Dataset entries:
= = = = = = =

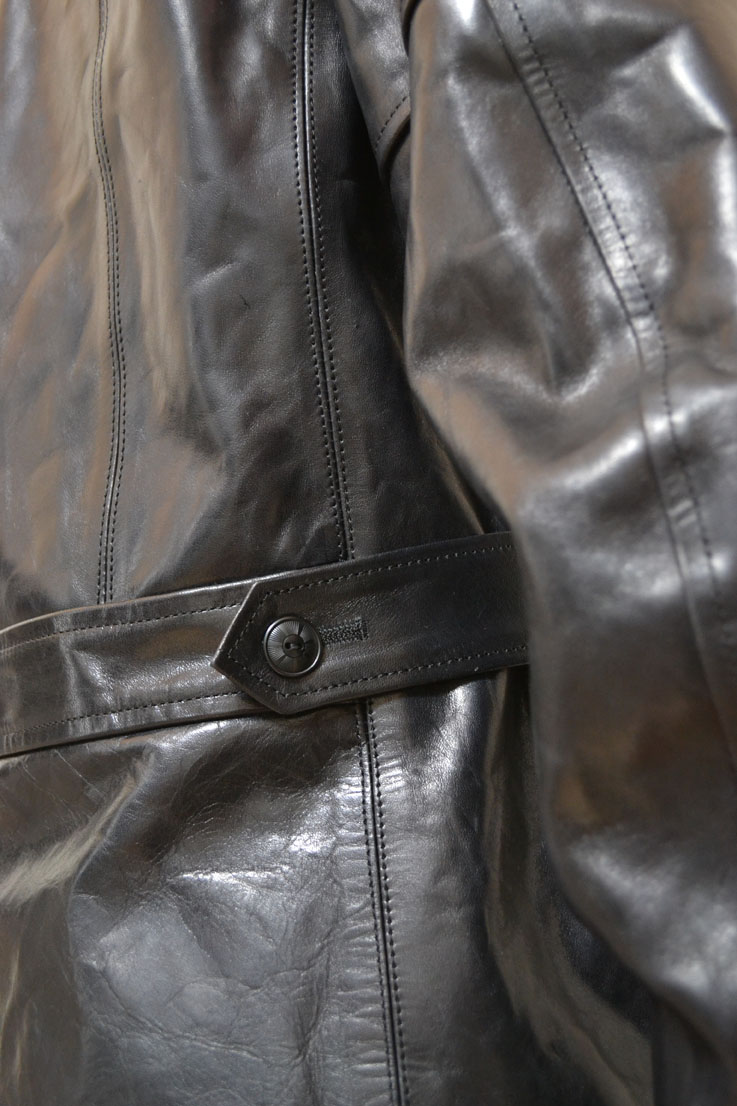 ADJUSTABLE COSTUME: 2012~13 A/W 30's STYLE BELTED LEATHER SPORTS JACKET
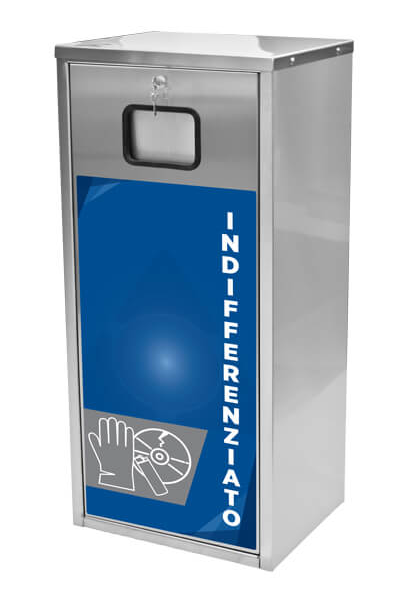 Nerezový odpadkový kôš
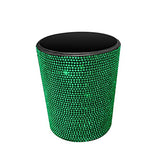 ihreesy Bling Car Garbage Trash Can,Glitter Diamond Trash Container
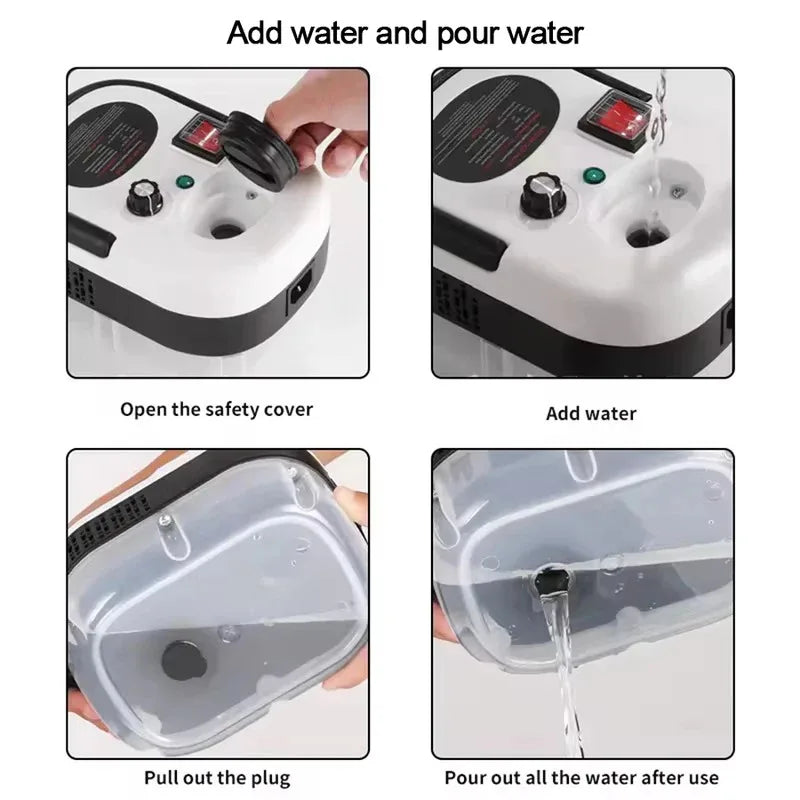Portable Handheld Steam Cleaner — High-Pressure Deep Cleaning for Kitchen & Car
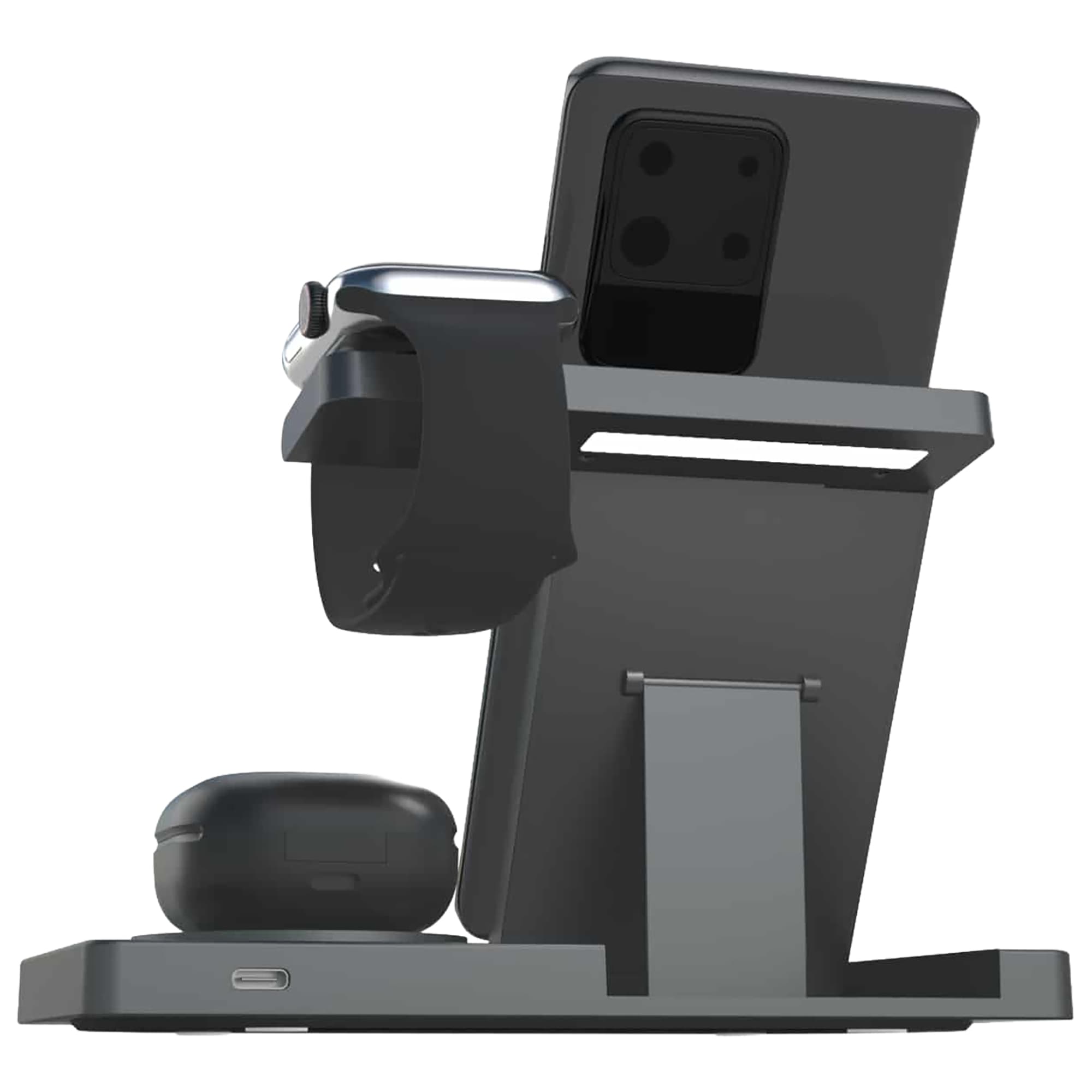 Estación De Carga Inalámbrica Unno Pw5119bk 15w - 6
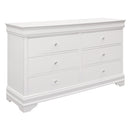 Lana White LED Upholstered Panel Youth Bedroom Set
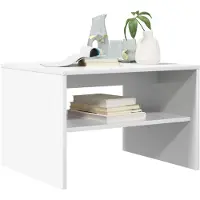 vidaXL Salontafel Wit 60 x 50 x 40 cm Bewerkt hout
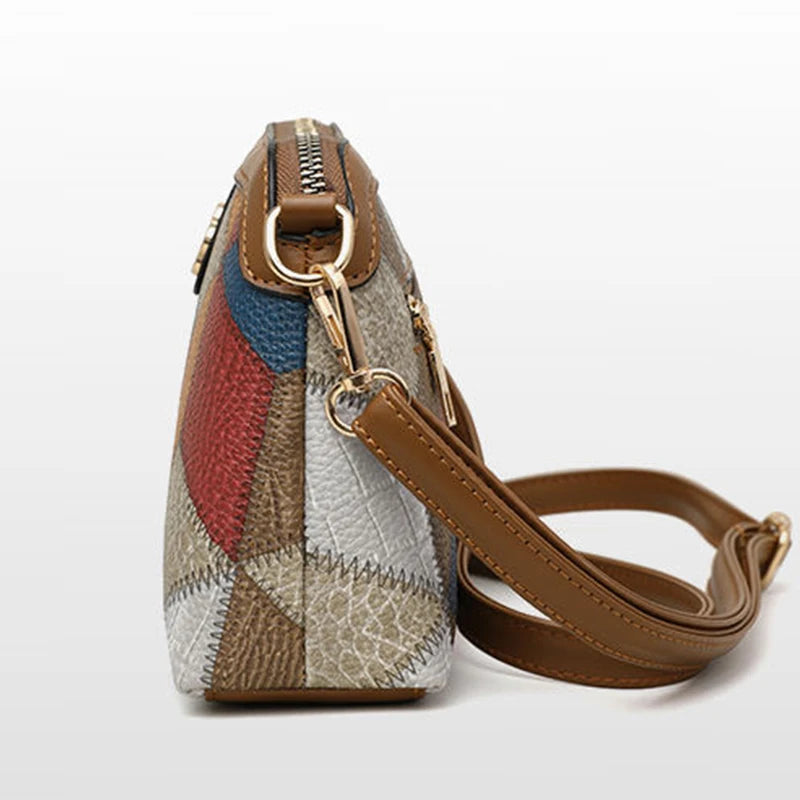 Neutral style backpack for men and women, cross-body bag, small-sized ethnic single shoulder bag, color combination - Tasawoq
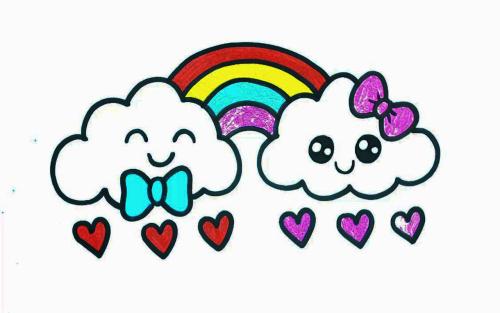 عکس نقاشی گربه رنگ شده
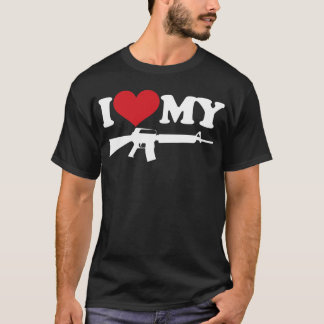 I Liebe mein AR15 T-Shirt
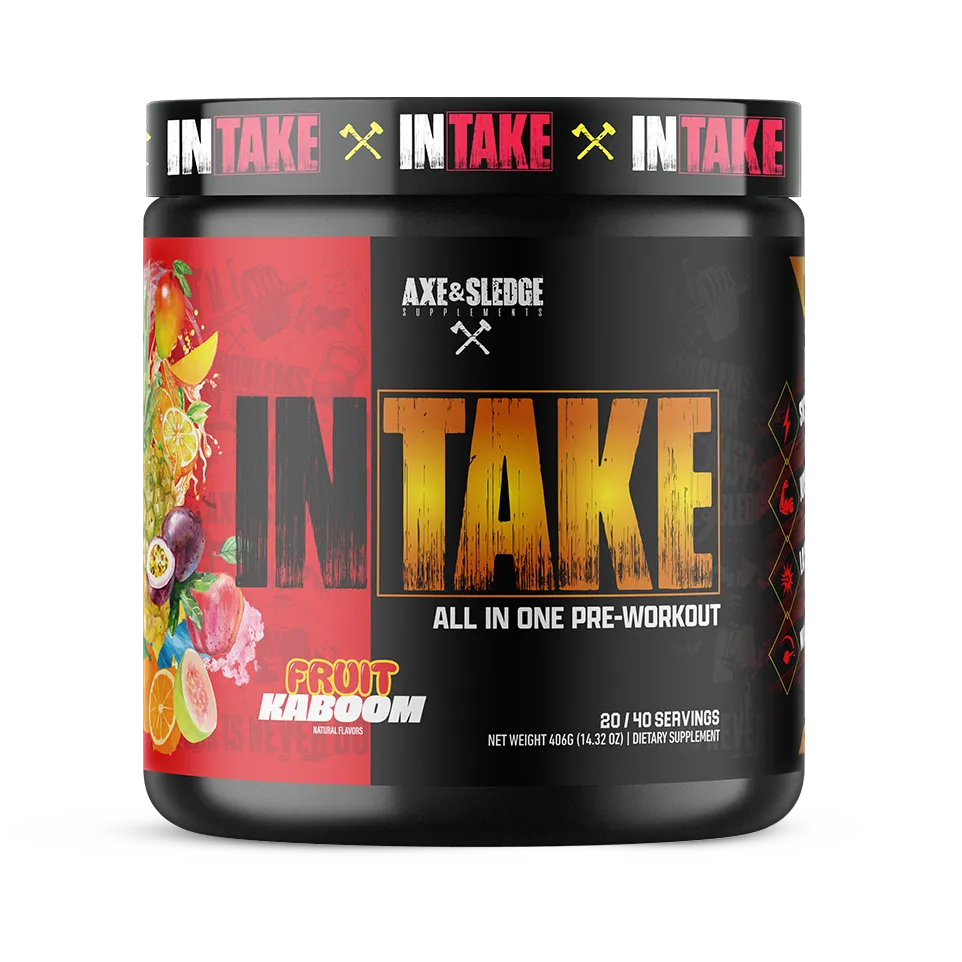 Axe & Sledge INTAKE-40 servings-Fruit Kaboom-N101 Nutrition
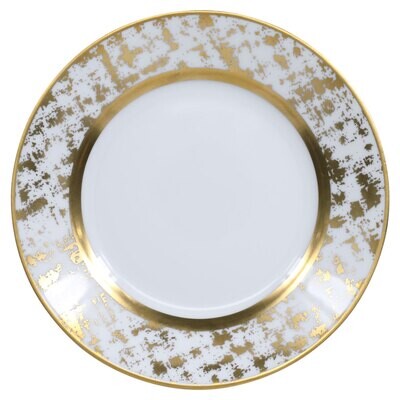 Royal Limoges Tweed White &amp; Gold Bread &amp; Butter Plate B160-REC20848, MPN: B160-REC20848, 3700409926…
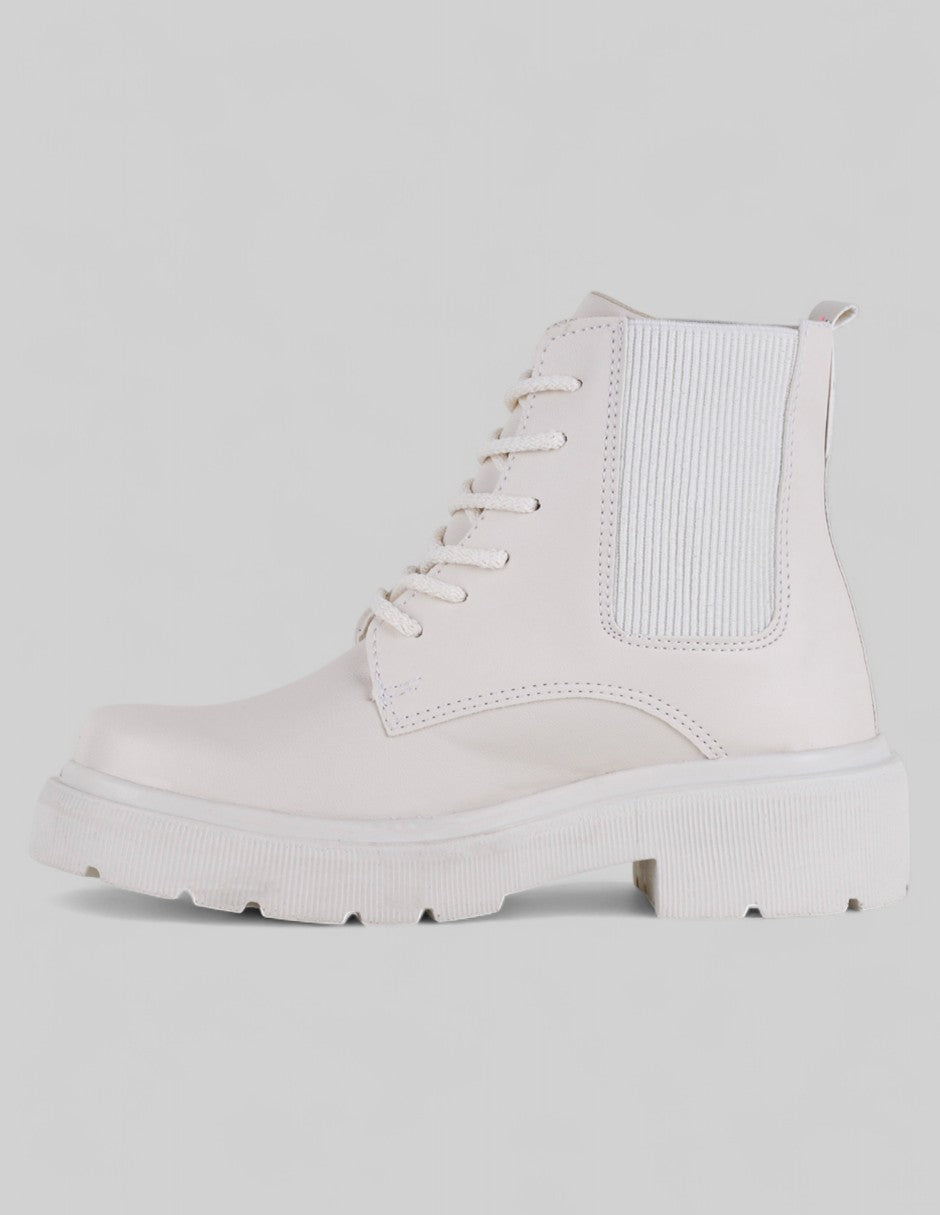 Botas Casuales Bike en Piel vegana – Blanco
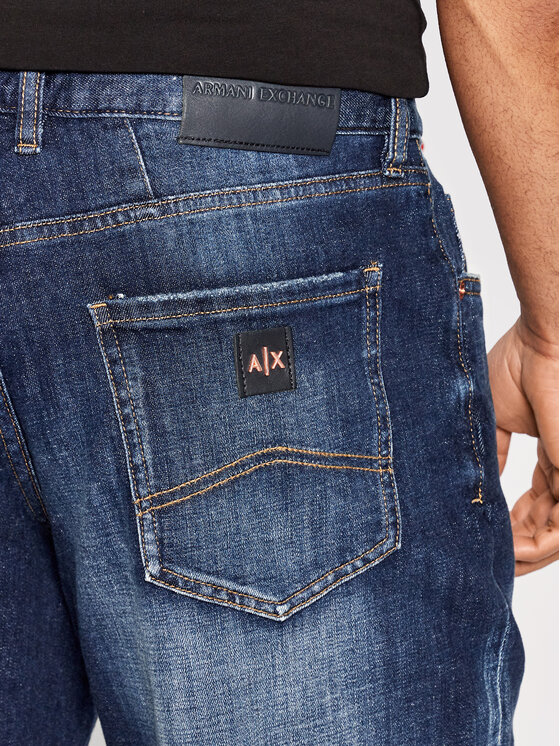 Armani Exchange Armani Exchange Džínsové šortky 3LZJ65 Z1LTZ 1500 Tmavomodrá Slim Fit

= = = = = = =

Set down exactly, and only, the lines from the one containing "Botas Casuales Bike en Piel vegana – Blanco" through the last line of the entries. Pictures do not belong in the copy.

▶ **TASK SOLUTION**
 Botas Casuales Bike en Piel vegana – Blanco
 Armani Exchange Armani Exchange Džínsové šortky 3LZJ65 Z1LTZ 1500 Tmavomodrá Slim Fit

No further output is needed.